Criticizing various lifestyles negatively has been common during my search for sustainable weight loss and fitness solutions. I confess I was a naysayer. Hearing the words, Nutrisystem®, Atkins®, Weight Watchers®, South Beach®, Jenny Craig®, Raw Food Diet, The Zone Diet®, The Lemonade Cleanse®, and Restricted Calories Lifestyle, I cringe imagining the multiple experiences and money eaten up with each food plan over decades of weight loss attempts. Buns of Steel®, The Firm®, P90X®, TurboFire®, marathons, and gym memberships, all tried and tested live in the past. Certainly, every food and exercise plan works for somebody, and may be sustainable for someone. None mentioned above curved my appetite nor motivated me to continue long enough to maintain weight loss, lose optimal weight, or increase muscle mass. As a Debbie Downer, a wet blanket upon other’s dreams, the pessimist searching for a sustainable solution thinking the well ran dry, I am now a recovering naysayer.

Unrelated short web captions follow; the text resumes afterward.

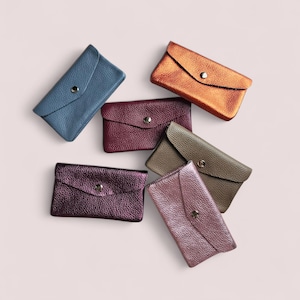 May include: Six rectangular envelope-style pouches with a pebbled texture and a single silver-tone snap button closure. The pouches are arranged in a cluster and feature metallic and matte finishes in blue, copper, burgundy, taupe, and pink tones.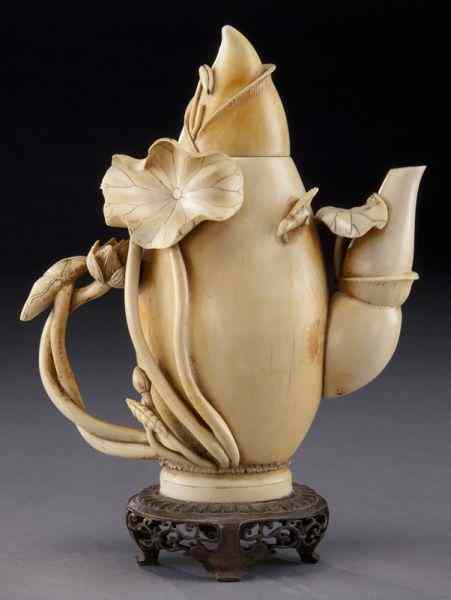 Appraisal: Chinese Qing carved ivory tea pot International buyers should note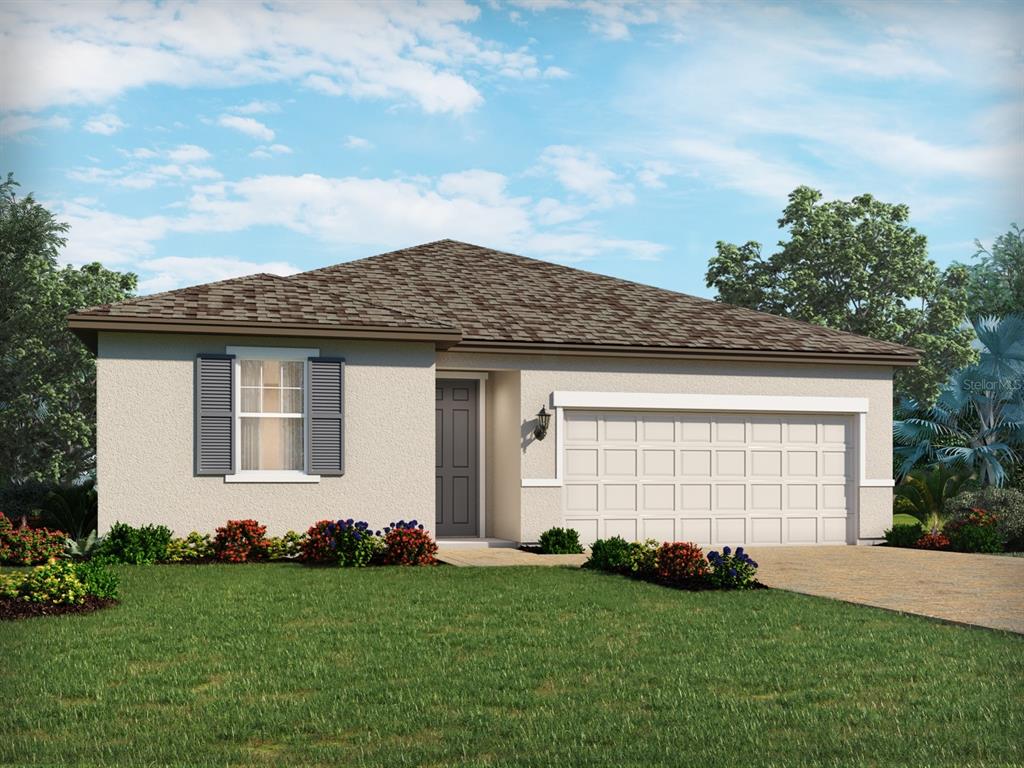 392 Birkdale Drive Daytona Beach, FL 32124 - Photo 1 of 6 a front view of a house with a garden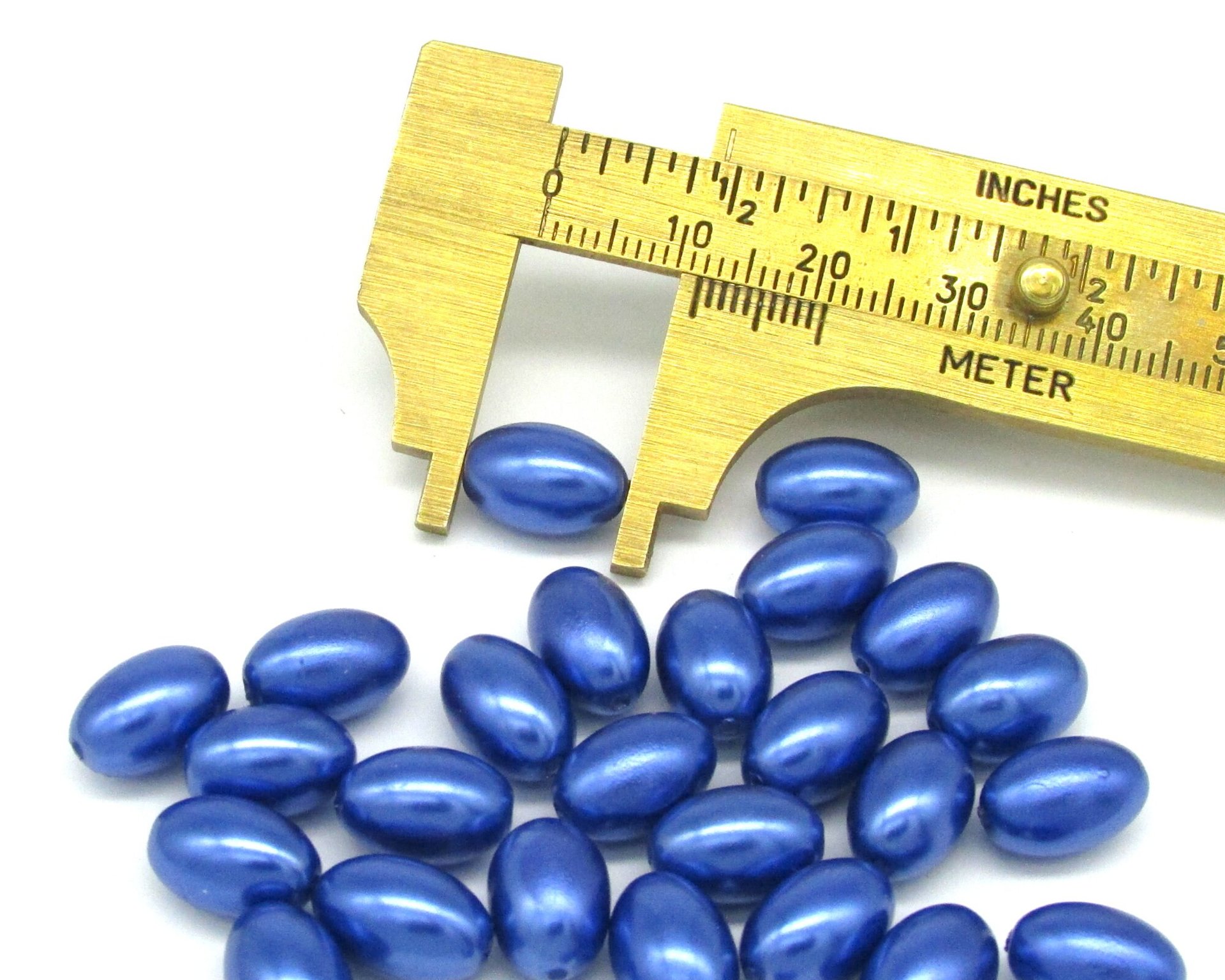 11.5mm Blue Tapered Oval Rice Beads (25)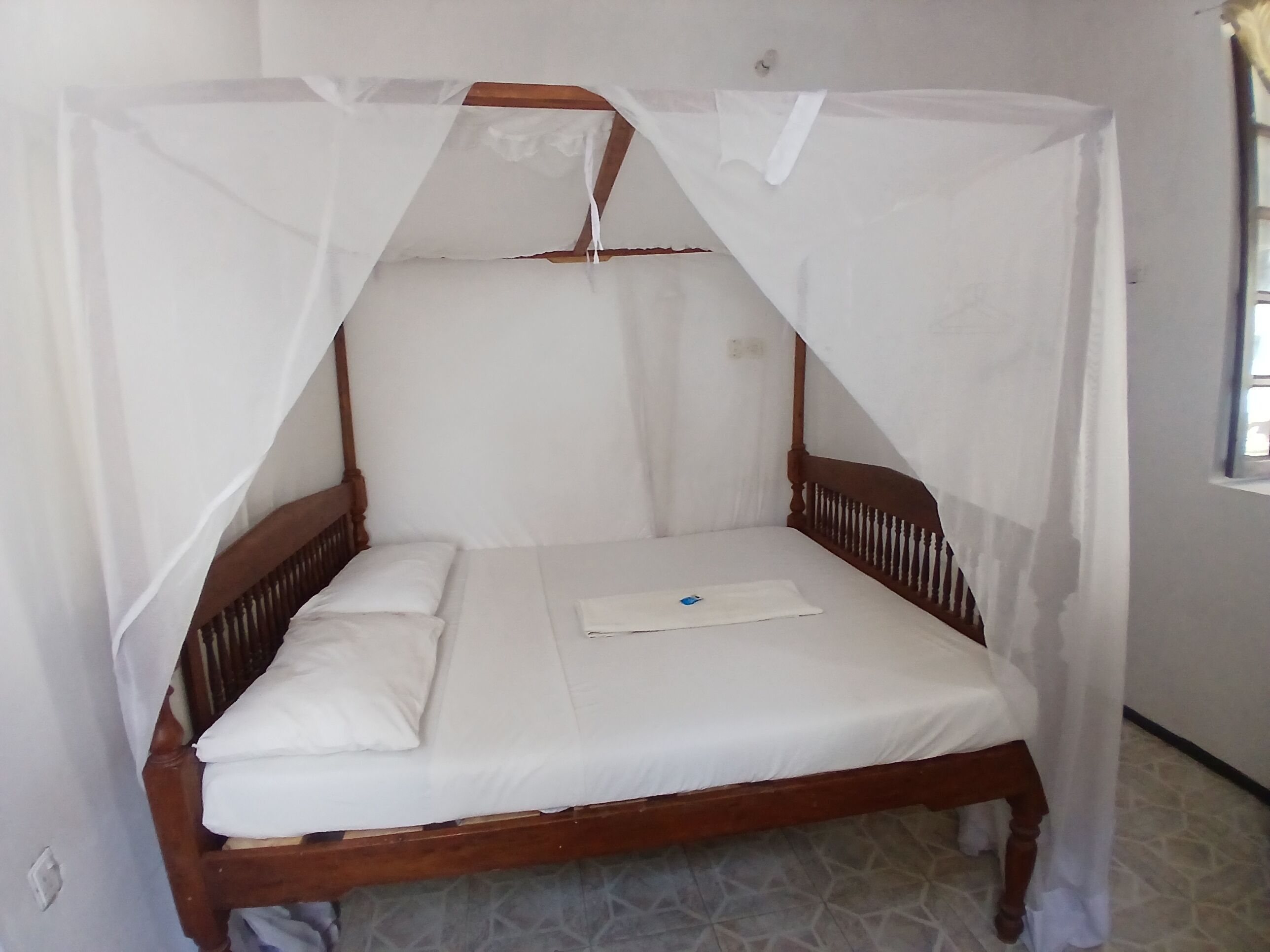 A single bed with a wooden frame and a white mattress, covered by a white canopy.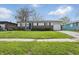 Charming single-story home featuring a brick facade, attached garage and well-maintained front lawn with mature trees at 1819 S Drexel Ave, Indianapolis, IN 46203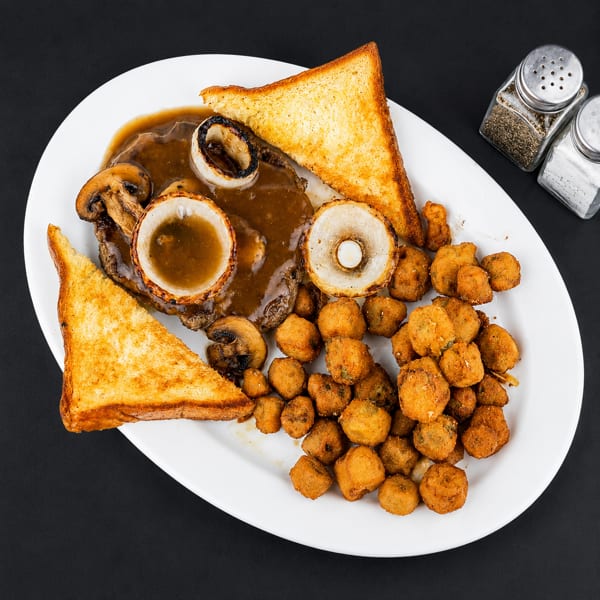 A white plate with steak, gravy, grilled onions, mushrooms, fried mushrooms, and toast.
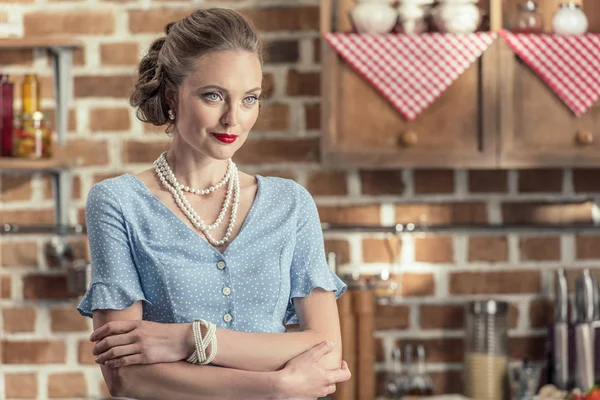 Confiante femme au foyer adulte en vêtements vintage debout à la cuisine et regardant loin — Photo de stock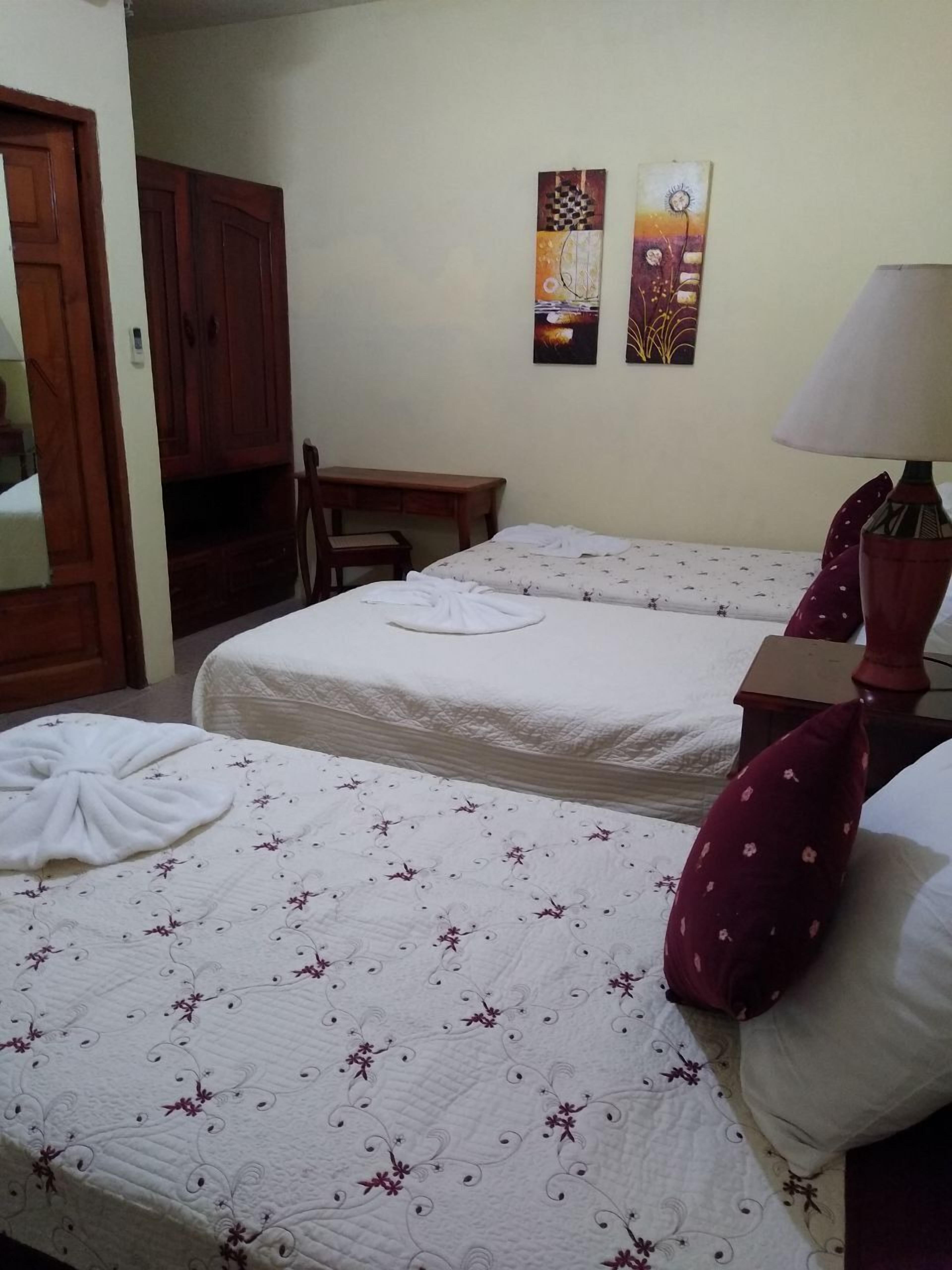 Una habitación de hotel con dos camas, un escritorio, una silla y una lámpara.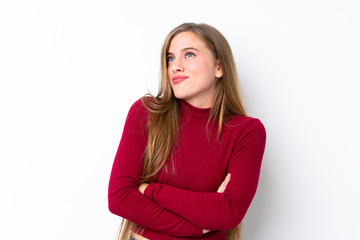 Teenager blonde girl over isolated white background making doubts gesture while lifting the shoulders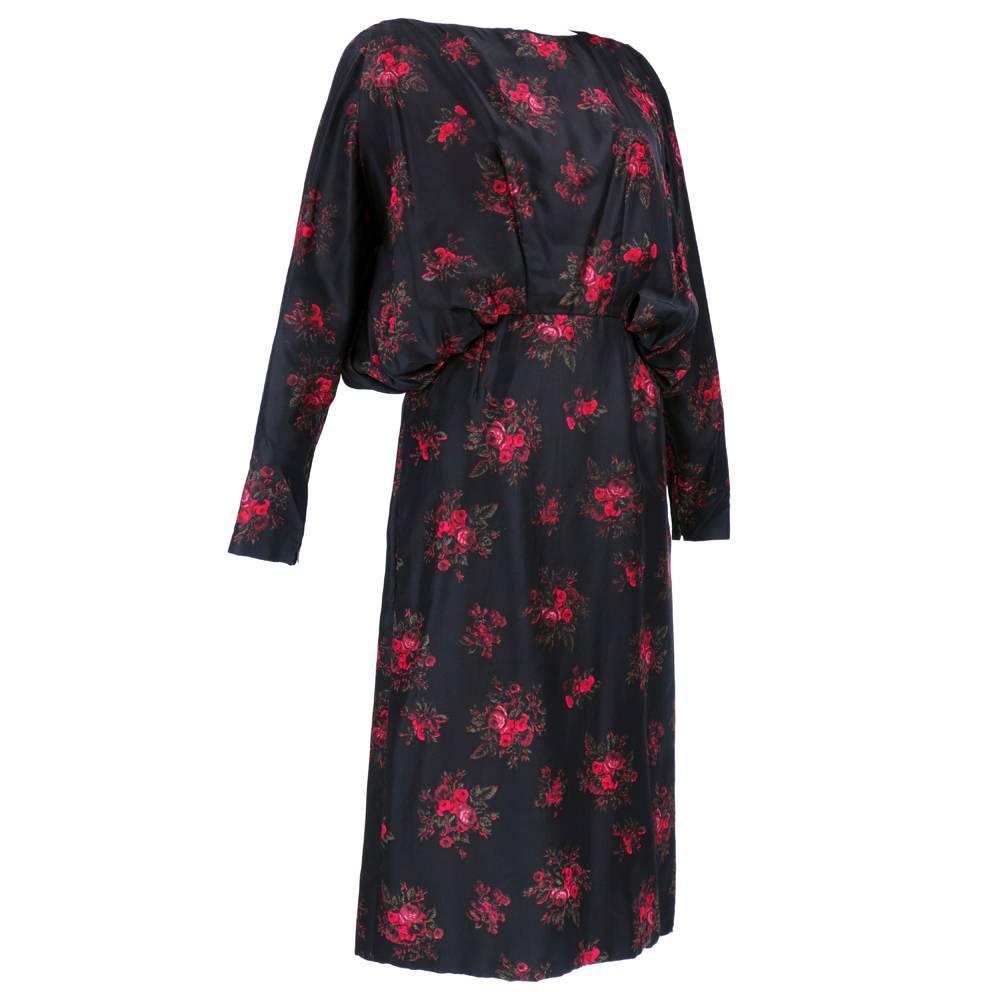 Super chic dressy dress by Parisian/American designer Pauline Trigere. Silk, floral print with blousoned overblouse. Long sleeve with zipped cuff. Fully lined. Incredible drapes at waist and on back.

Recollecting who I used to be within the eyes and voices of others, I listen now as others question my current success, wondering about its sustainability. Can clean, real food, unprocessed, free of gluten, simple sugars, and most dairy, with community support become a lifestyle? Will I always journal my food? Will boot camps, StrikeFit®, and other specialty exercise classes lose my interest, while injuring joints and muscles while aging? Will motivation wane and perseverance give way to cookies, candy, and the next food craze? The critical inquiry is lifestyle sustainability. If every plan works for someone, have I found the one that works for me. Informing my cardiologist uncle that I consume several eggs daily but my LDL (good cholesterol) level reads 74; he infers genetics plays a role. Yet my parents consume cholesterol medication daily confirming that everyone is highly individual.

After one year, my current lifestyle seems sustainable, while my body, mind, and soul continue to feel well. The journey always necessitates continued evaluation and growth. Needing not to answer how the future unfolds, but knowing a solution exists in my favor is the imperative piece of the puzzle. Personal growth aims for our best selves. When we arrive, do we know it? What does it look like for each of us? What necessitates change? What is sustainable? As individuals react differently, finding the right avenue for each of us is crucial. While a naysayer, stuck in my own failure, envious of those who discovered sustainable weight loss, maintenance, and fit lifestyles, my negativity unleashed inward and outward. While in recovery now I observe my old self in others, naysaying, hoping they, too, shall find their sustainable solution.